▸ **What is being asked**: Write out the records in full and without alteration, setting aside their pictures.

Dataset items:

::::::::

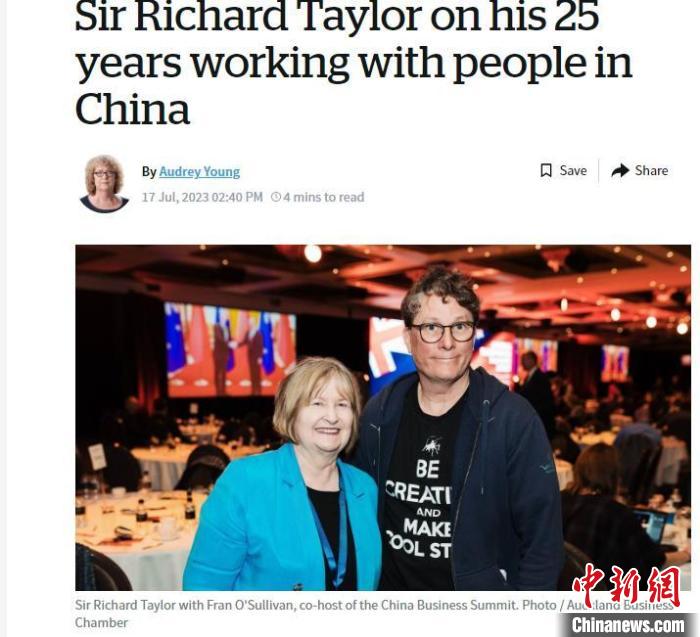 世界知名視效公司創(chuàng)始人：沒有中國技能，我不會有今天的成功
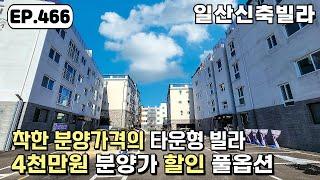 [일산신축빌라]일산동구 최저가격 풀옵션 3룸 4천만원 할인분양으로 입주조건이 더 좋아진 성석동 일산신축빌라[일산빌라][일산빌라매매]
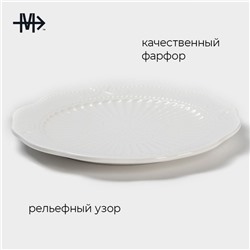 Тарелка фарфоровая Magistro «Этюд», d=20 см, цвет белый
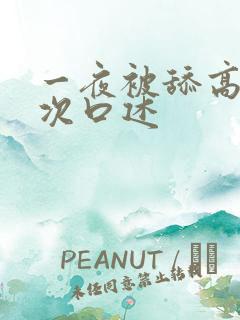 一夜被舔高潮5次口述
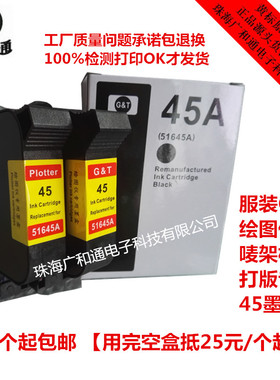 广和通兼容惠普HP45墨盒服装CAD绘图仪唛架机打版 喷码机51645A黑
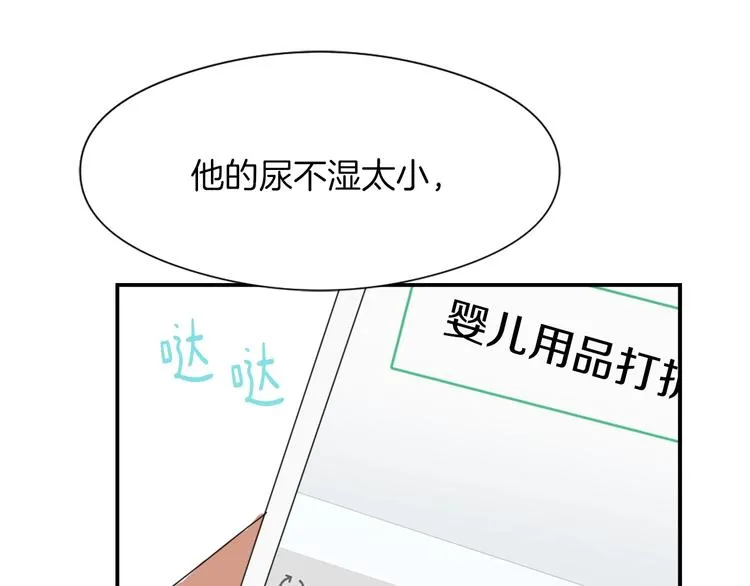 第8话 换尿布 第129页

::::::::

▸ **Final answer**:
 世界知名視效公司創(chuàng)始人：沒有中國技能，我不會有今天的成功
 [일산신축빌라]일산동구 최저가격 풀옵션 3룸 4천만원 할인분양으로 입주조건이 더 좋아진 성석동 일산신축빌라[일산빌라][일산빌라매매]
 Тарелка фарфоровая Magistro «Этюд», d=20 см, цвет белый
 一夜被舔高潮5次口述
 广和通兼容惠普HP45墨盒服装CAD绘图仪唛架机打版 喷码机51645A黑
 第8话 换尿布 第129页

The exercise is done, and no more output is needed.